In 1950s Mayo, reportage on local ‘seduction cases’ was the only salacious material people could get
In the repressive moral climate of the Ireland of the 1950s, there was little to ease the appetite of the prurient. English tabloids were unknown, and only the banned News of the World could be counted on for unrestrained coverage of the graphic sex lives of our neighbours across the water.
The one exception was the reportage of local seduction cases, where the putative father of an infant would be sued by the the father of a young girl who had given birth 'out of wedlock', as the quaint expression went.
These cases were heard in open court, reported in minute detail in the local papers, the identities of the parties involved fully recorded, the circumstances leading to the seduction openly argued over . Seduction cases were the stuff of village gossip, and the newspapers themselves – mindful of the selling power of a juicy seduction case – spared nothing in devoting full coverage to every aspect.
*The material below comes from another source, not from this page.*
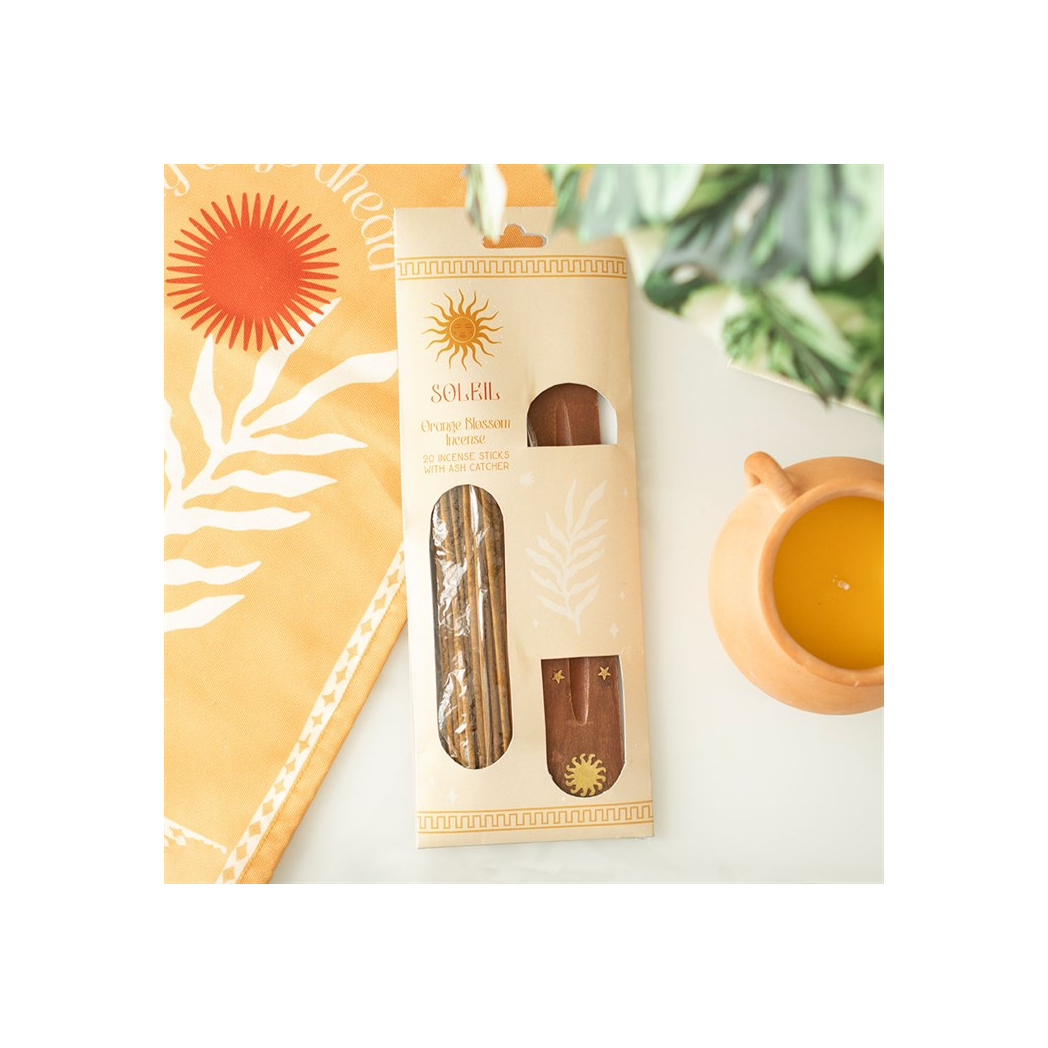 Soleil Orange Blossom Incense Stick Gift Set N/A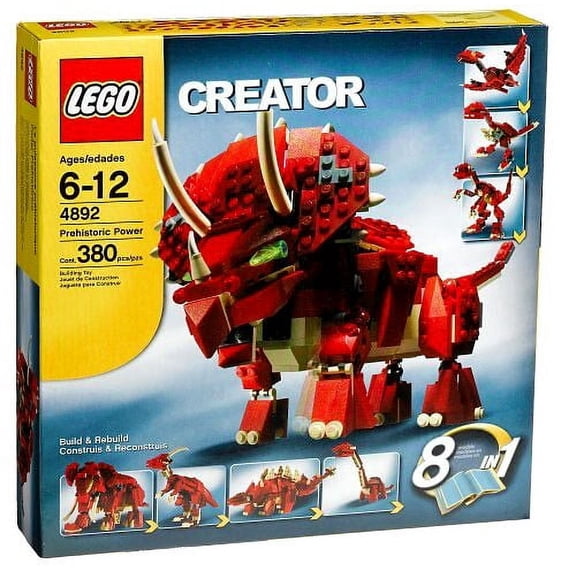 Creator Prehistoric Power Set LEGO 4892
Seduction cases followed a fairly standard pattern. The plaintiff – the father of the young girl – would have to provide the defence team with the actual date of when the 'intimacy' took place. In addition, it had to be shown that the wronged party was in the service of the plaintiff at the time; seduction was grounded in hard nosed practicality. A Mayo father whose daughter had given birth while working in a Dublin hotel was deemed to have no case.
Many cases arose where the putative father, having first accepted responsibility, reneged on a promise to marry (a course which would have avoided legal action). In a famous Belcarra action, the father recounted how the faithless swain, having promised to marry his daughter, failed to show up at the church. The father told how, soon after the birth, the defendant had visited the house, and even measured the girl’s finger for ring size with a piece of string which he carefully replaced in his pocket, declaring that he was on his way to the priest’s house to make marriage arrangements. Alas, that was the last the girl or the family saw of the potential groom.
When the case came to hearing, the defendant pleaded that he had only agreed out of fear of the violence of the girl’s family.
The judge, unimpressed, made an award of the then large sum of one hundred pounds and costs.
Judges were noted in such cases as being men of the world when it came to deciding questions of paternity. When a defendant in Swinford told the court that he was “as innocent as the Pope in Rome”, the judge told him that he did not believe a word out of his mouth. And at Castlebar, the judge told a Garda Sergeant he was honourably vindicated when a paternity case brought against him needed to be looked at “with deep suspicion” The complainant, he noted, was a lady who had been prosecuted three times for larceny by the same Garda officer.
But the most telling stand-off between Church and State came at Clifden court when the curate of Ballyconneely, Fr Hennelly, had been sub poenad to attend a seduction hearing. On arrival, the priest announced that he would neither be taking the oath or giving evidence, on the grounds that the information he was privy to had been relayed to him as a priest and not as a layman, conceding that he was not referring to confessional information. The judge observed that it was a sad day when a clergyman felt he was above the law of the land, but his ire failed to change the mind of Fr Hennelly, who walked out the courtroom door.